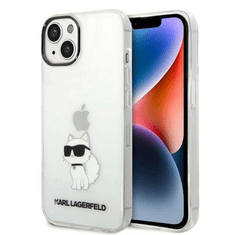 Karl Lagerfeld Originalen ovitek iPhone 14 Plus - IML NFT Choupette - prozorna silikonska zaščita - KLHCP14MHNCHTCT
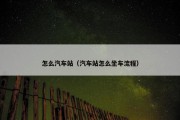 怎么汽车站（汽车站怎么坐车流程）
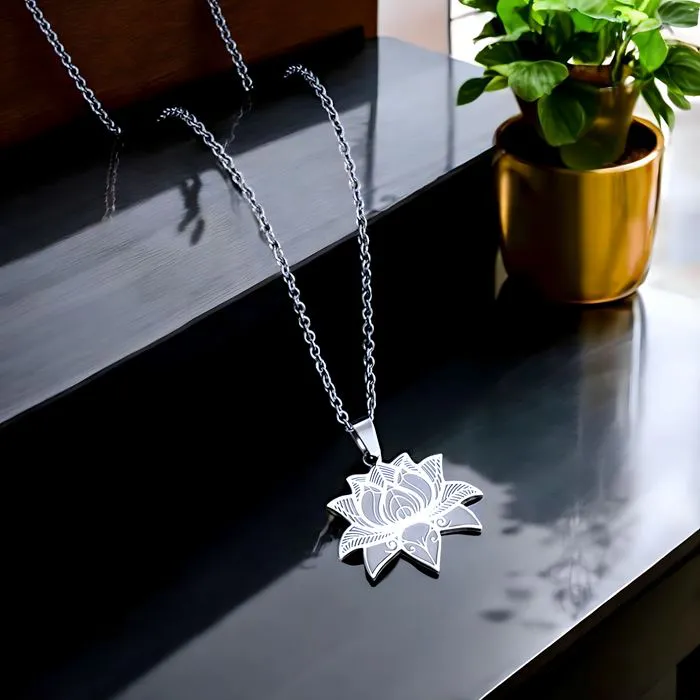 Collier "Lotus"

TASK REQUIREMENTS: What is needed is the whole listing again, exactly as written, with the images left out.

RESPONSE BOX:
 Karl Lagerfeld Originalen ovitek iPhone 14 Plus - IML NFT Choupette - prozorna silikonska zaščita - KLHCP14MHNCHTCT
 怎么汽车站（汽车站怎么坐车流程）
 Collier "Lotus"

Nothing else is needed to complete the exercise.